Captioned web image data:
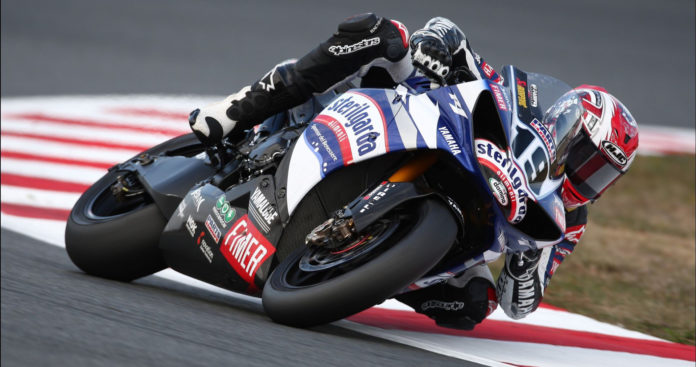 Ben Spies (19), as seen during the 2009 FIM Superbike World Championship, which he won. Photo courtesy Yamaha. Ben Spies (19), as seen during the 2009 FIM Superbike World Championship, which he won. Photo courtesy Yamaha.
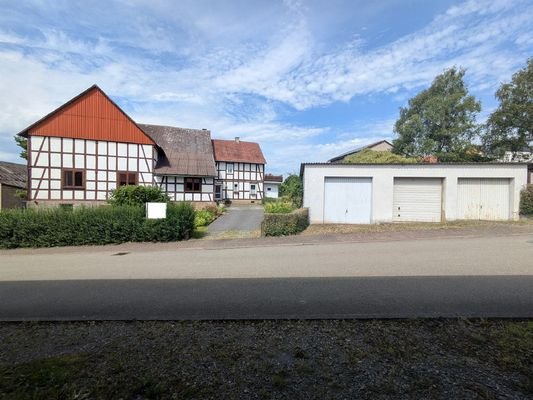 Rückansicht mit Garagen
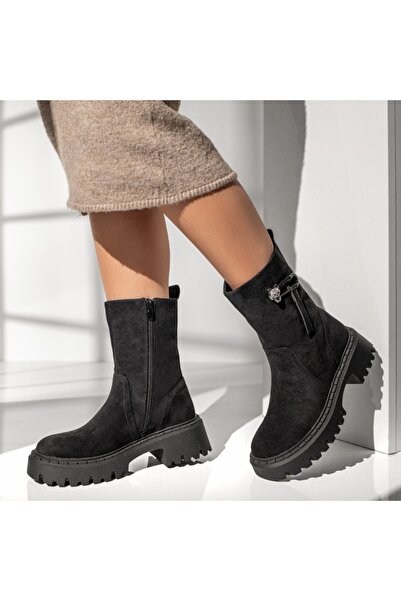 Modlet.ro Women's black suede boots with metallic details MOD12794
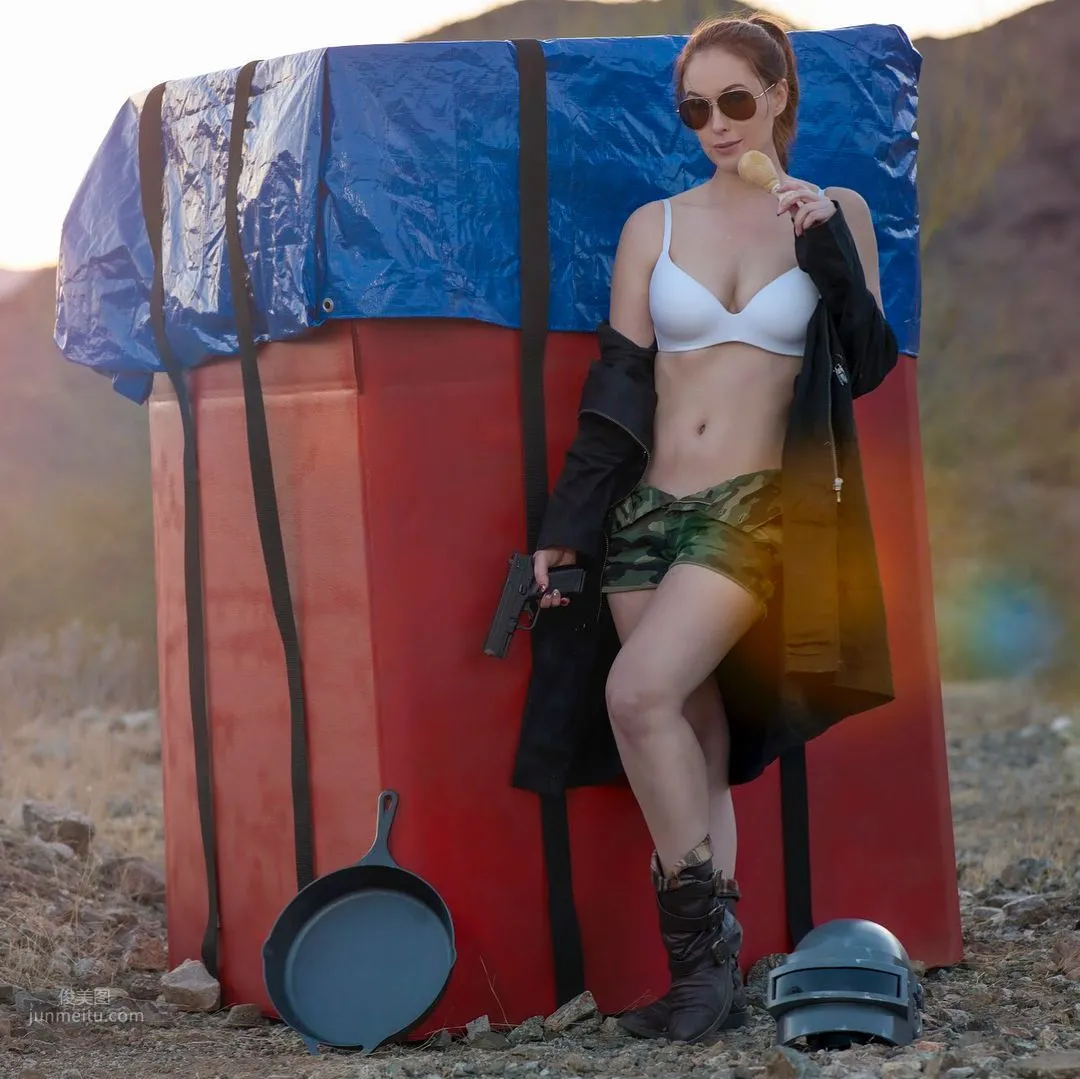 Meg LeeAnn Turney: Cos photo 9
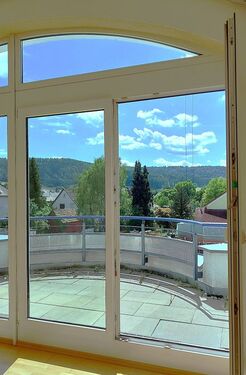 Zum Balkon - 4.5 Zimmer Dachgeschoßwohnung zur Miete in Lorch
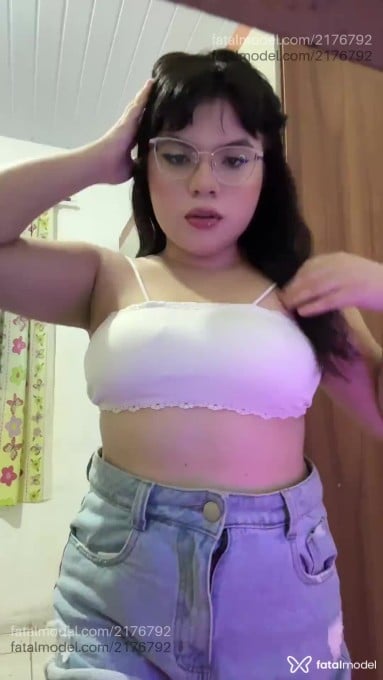 Acompanhante mulher morena (o) de olhos castanhos em Virtual - Angel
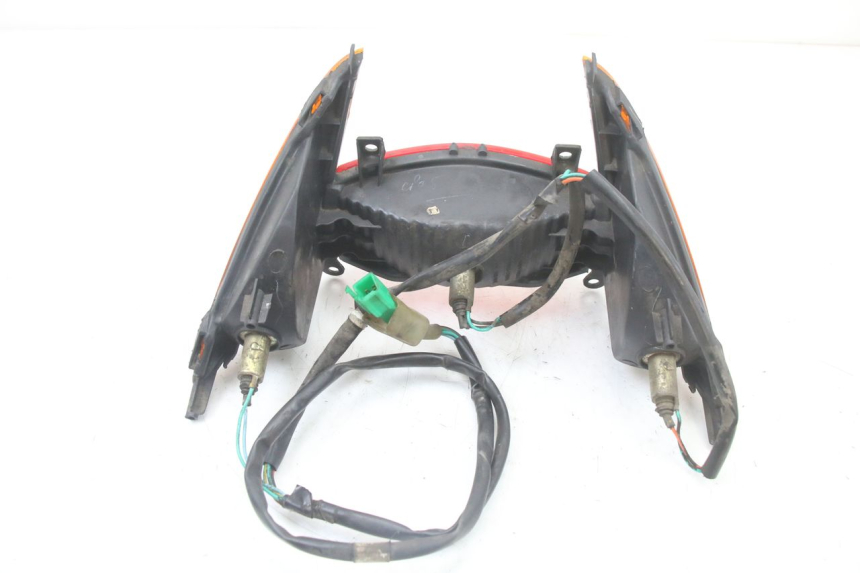 photo de FANALE POSTERIORE HONDA SCV LEAD 100 (2003 - 2007) - Primo piano tecnico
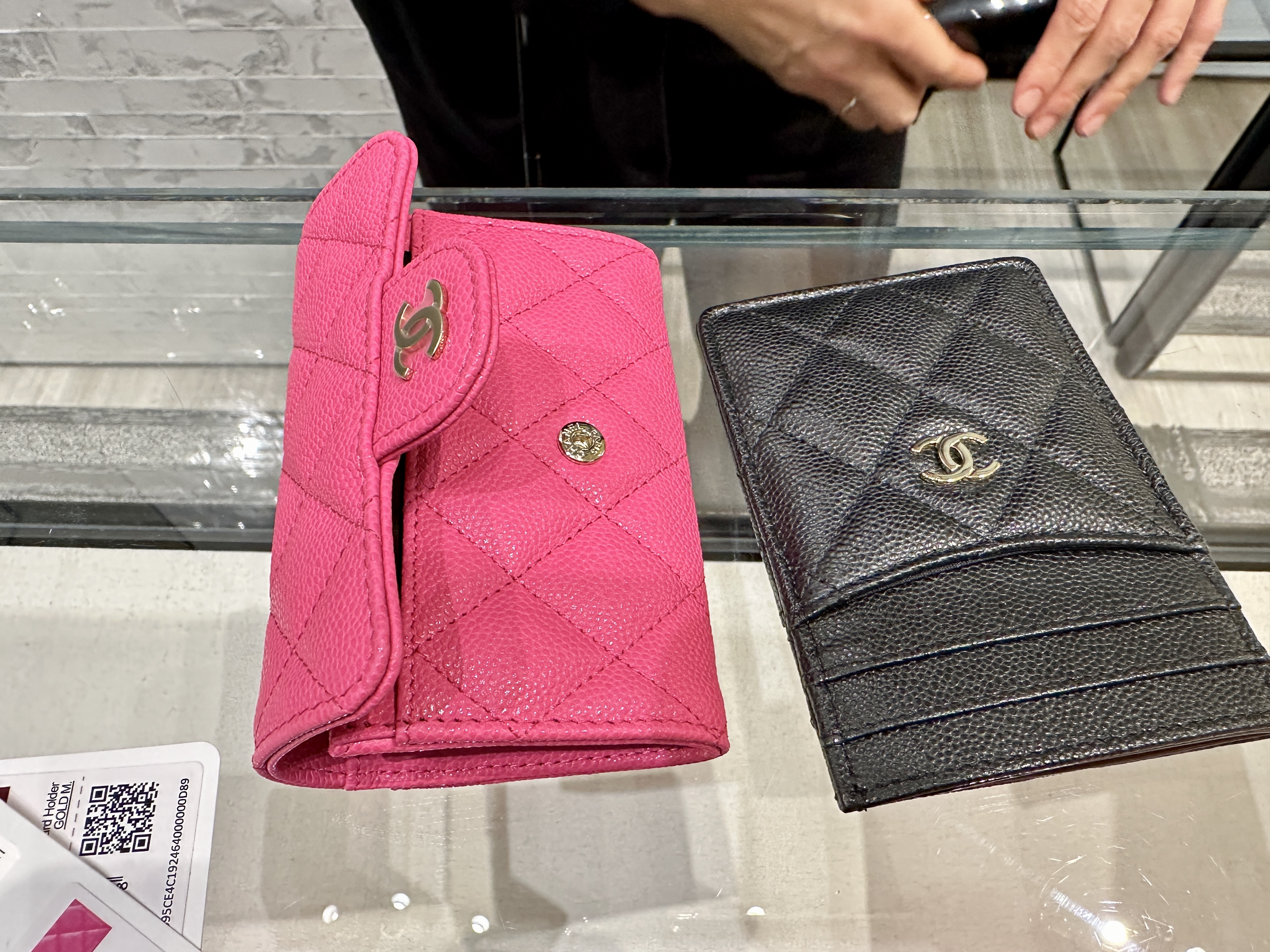 프랑크푸르트 샤넬에서 구매한 지갑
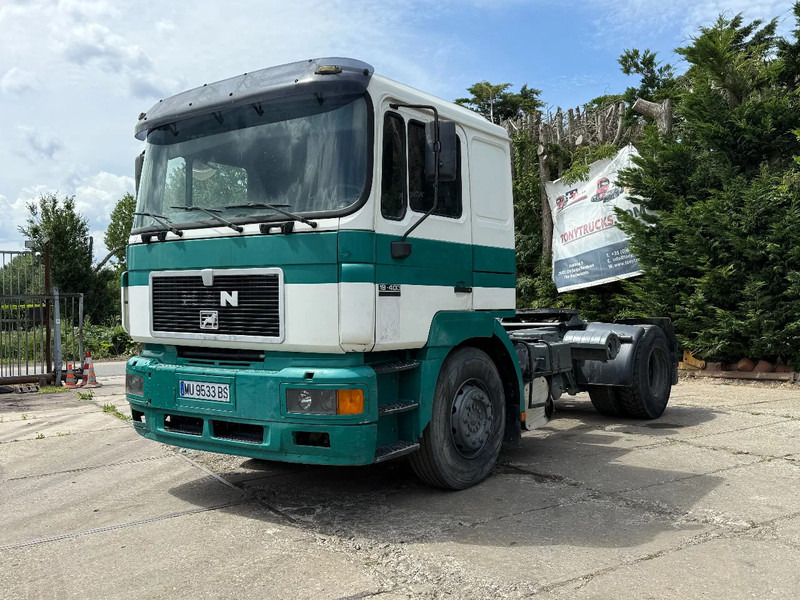 MAN 19.403 4X2 Tractor-unit Spring/Air ZF Manual Gear Low cabine - Vilcējs: foto 2 MAN 19.403 4X2 Tractor-unit Spring/Air ZF Manual Gear Low cabine - Vilcējs: foto 2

Assignment: Could you output the lines above exactly, with no pictures included?

Answer space:
 Ben Spies (19), as seen during the 2009 FIM Superbike World Championship, which he won. Photo courtesy Yamaha. Ben Spies (19), as seen during the 2009 FIM Superbike World Championship, which he won. Photo courtesy Yamaha.
 Rückansicht mit Garagen
 Modlet.ro Women's black suede boots with metallic details MOD12794
 Meg LeeAnn Turney: Cos photo 9
 Zum Balkon - 4.5 Zimmer Dachgeschoßwohnung zur Miete in Lorch
 Acompanhante mulher morena (o) de olhos castanhos em Virtual - Angel
 photo de FANALE POSTERIORE HONDA SCV LEAD 100 (2003 - 2007) - Primo piano tecnico
 프랑크푸르트 샤넬에서 구매한 지갑
 MAN 19.403 4X2 Tractor-unit Spring/Air ZF Manual Gear Low cabine - Vilcējs: foto 2 MAN 19.403 4X2 Tractor-unit Spring/Air ZF Manual Gear Low cabine - Vilcējs: foto 2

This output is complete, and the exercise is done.